_What is required_
Repeat the lines of the data exactly and exclude any picture among them.

_Material provided_

>>>

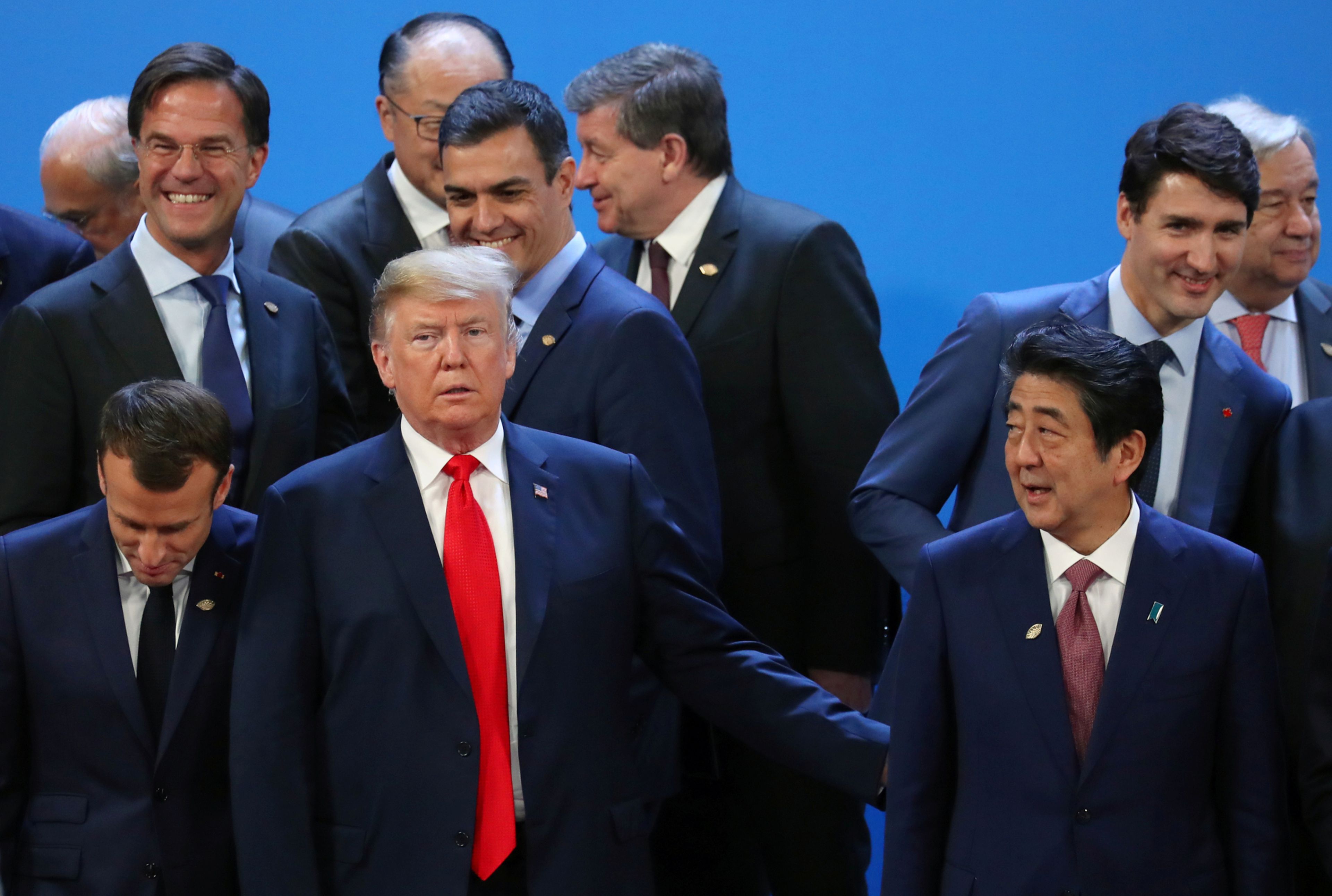 El presidente de EE.UU., Donald Trump, junto a sus homólogos francés, Emmanuel Macron, y español, Pedro Sánchez, y los primeros ministros de Canadá, Justin Trudeau, y Japón, Shinzo Abe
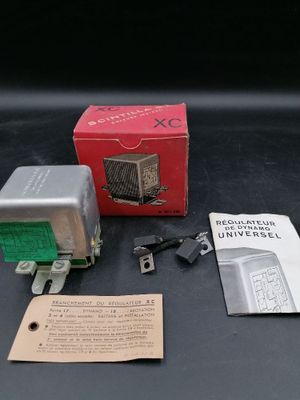 une boîte sur laquelle figurent une télécommande et un mode d'emploi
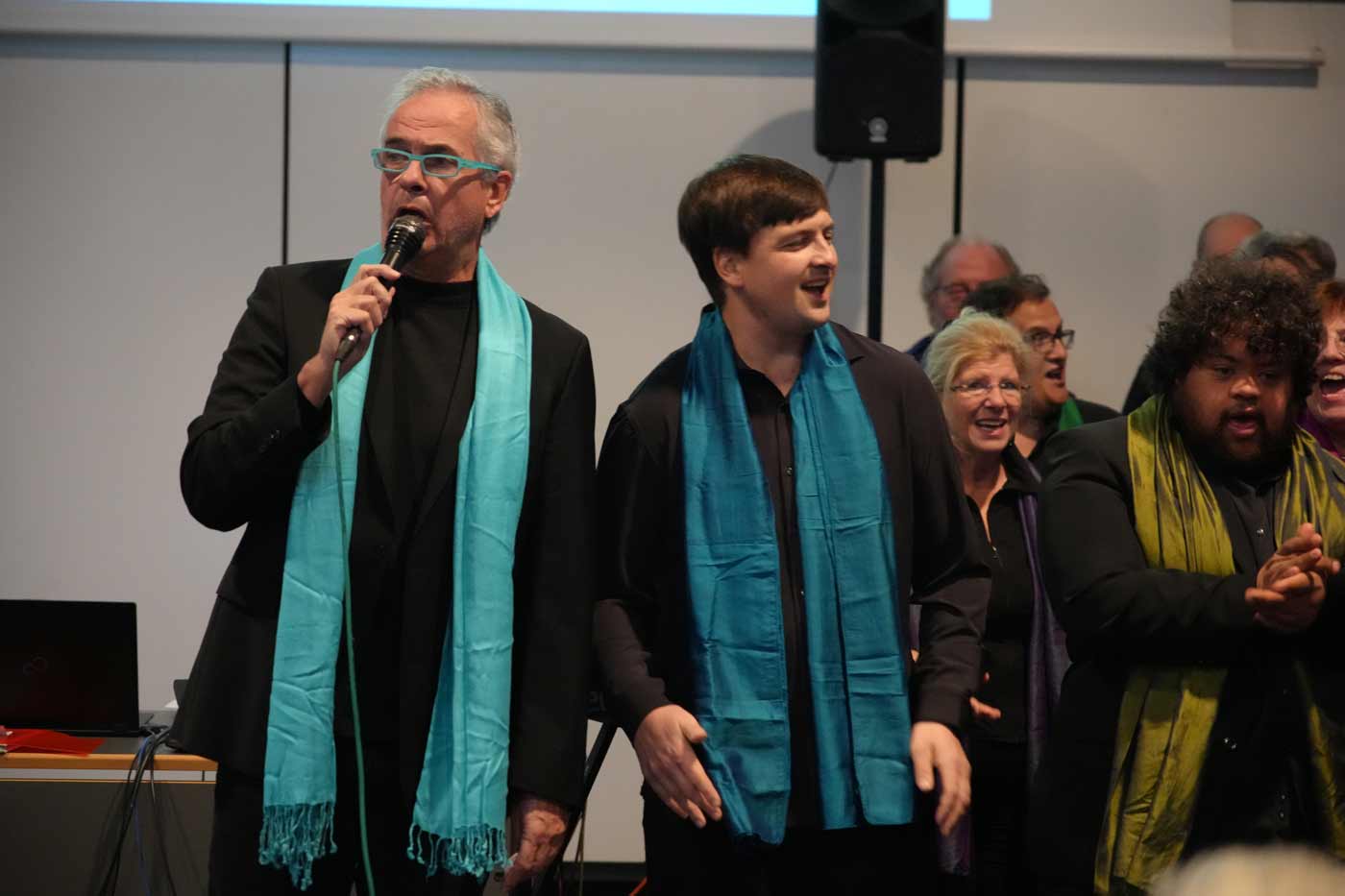 Autokran hebt Fertigbauteil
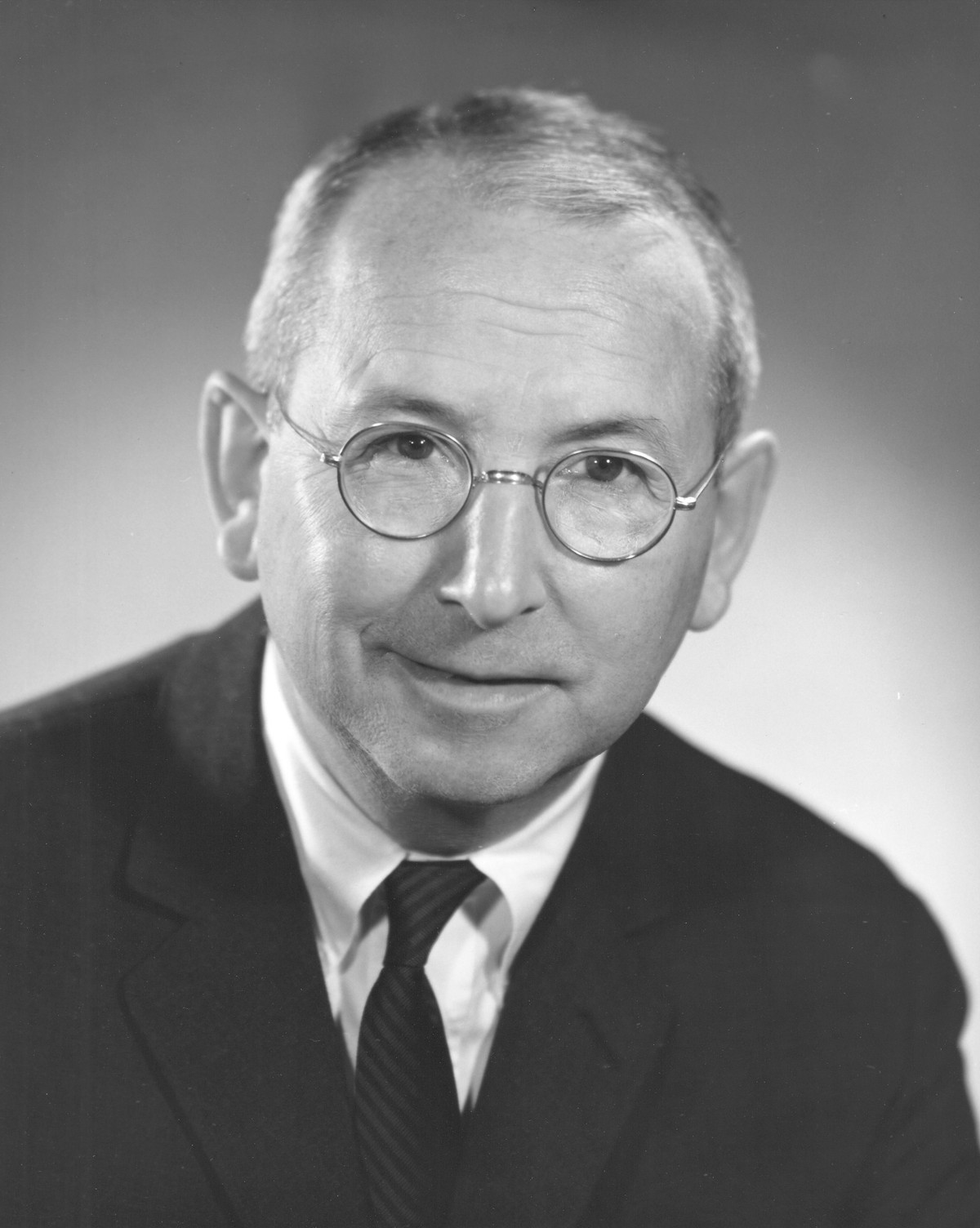 Trên thực tế, quan điểm bộ não con người gồm 3 cấp độ xuất hiện trong bản tin của VTV24 được Tiến sĩ Paul MacLean đưa ra vào những năm 1960. Ông chia cấu trúc não người thành 3 phần và gọi là não bộ ba (triune brain). Theo mô hình của ông, não người được tổ chức thành hệ thống phân cấp và dựa trên quan điểm về sự tiến hóa của não.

<<<

_Exercise response_
 El presidente de EE.UU., Donald Trump, junto a sus homólogos francés, Emmanuel Macron, y español, Pedro Sánchez, y los primeros ministros de Canadá, Justin Trudeau, y Japón, Shinzo Abe
 une boîte sur laquelle figurent une télécommande et un mode d'emploi
 Autokran hebt Fertigbauteil
 Trên thực tế, quan điểm bộ não con người gồm 3 cấp độ xuất hiện trong bản tin của VTV24 được Tiến sĩ Paul MacLean đưa ra vào những năm 1960. Ông chia cấu trúc não người thành 3 phần và gọi là não bộ ba (triune brain). Theo mô hình của ông, não người được tổ chức thành hệ thống phân cấp và dựa trên quan điểm về sự tiến hóa của não.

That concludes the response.